The community of Duchesne is located just above the junction of the Strawberry and Duchesne rivers in the Uinta Basin of northeastern Utah. It was first
identified as a potential town site by Father Escalante when the Dominguez-Escalante expedition camped near the present-day town 18 September 1776 while
on their epic journey. Duchesne is strategically located not only due
to its location at the junction of the rivers but it is also at the
mouth of Indian Canyon, the major route into the Basin through the Tavaputs
Plateau from Price.
The town came into being in 1905 when the United States government opened the region
to homesteading under the Allotment Act. The land that forms all of Duchesne County and western Uintah County had formerly belonged to the Ute Indians as part of their reservation. A.M. Murdock, an Indian trader
at Whiterocks, obtained permission from the government to set up a trading
post at the site that became Duchesne City. With the assistance of several
other men, he set up a large circus tent for a general store and trading
post. Government surveyors laid out the streets and the survey was accepted
by the government on 18 October 1905. Other settlers soon pitched their
tents and built pioneer dwellings that were replaced over the next months
and years with more modern buildings for homes and businesses.
The town was originally called Dora, after Murdock's baby daughter. This name was
replaced for a short time by the name Theodore, in honor of President
Theodore Roosevelt. But when town to the east adopted the name of Roosevelt,
it was thought that two towns in the same county named for the same
president would be too confusing for mail delivery. The name Duchesne
was utilized for the new community. The name Duchesne is taken from
the name of the river that runs through town and was likely named by
fur trappers in the 1820s in honor of Mother Treasa Duchesne founder
of the School of the Sacred Heart near St. Louis, Missouri.
On 1 January 1915 the eastern portion of Wasatch County was split off to form Duchesne
County; by a vote of county citizens, Duchesne City became the county
seat. Today Duchesne is a community of approximately 1,200 people. It
hosts four chapels (two LDS, a Baptist, and a Catholic), two schools (an elementary and a high school/junior high), several businesses and
the county offices. For several years, work on the Central Utah Project
boosted the community's population and business; a park and a bowling
alley were built to make the city more attractive for construction workers.

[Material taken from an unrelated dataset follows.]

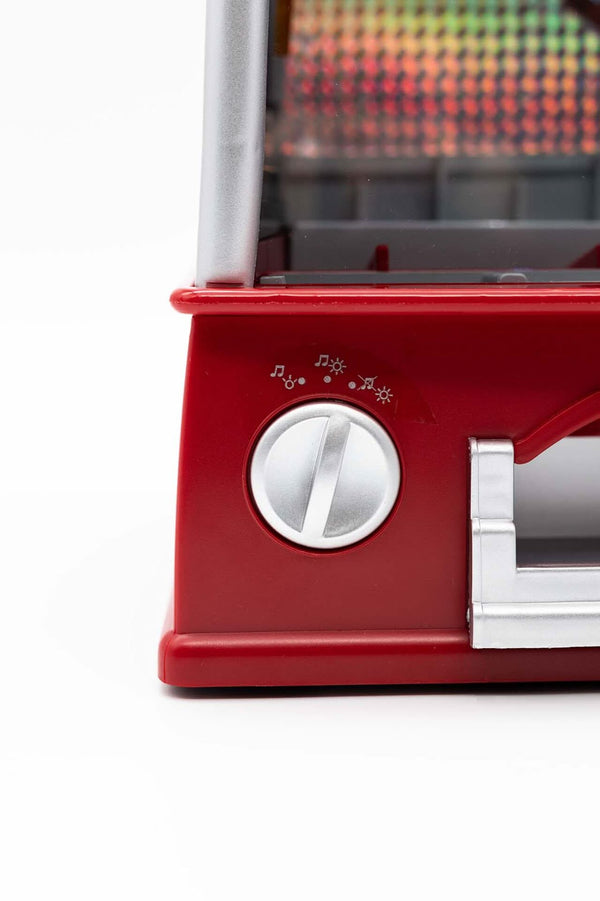 Red hot dog grill with a control knob on a white background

However, in the mid-1980s the dam projects were completed and Duchesne's
population declined by several hundred people. The economic base of
the community is presently centered in farming and oil industry. As
county seat, Duchesne's major celebration is the annual county fair held in August. Due to the late date of settlement of the community, even at the present date several of the older citizens remember coming
into the region as pioneers childern with their families.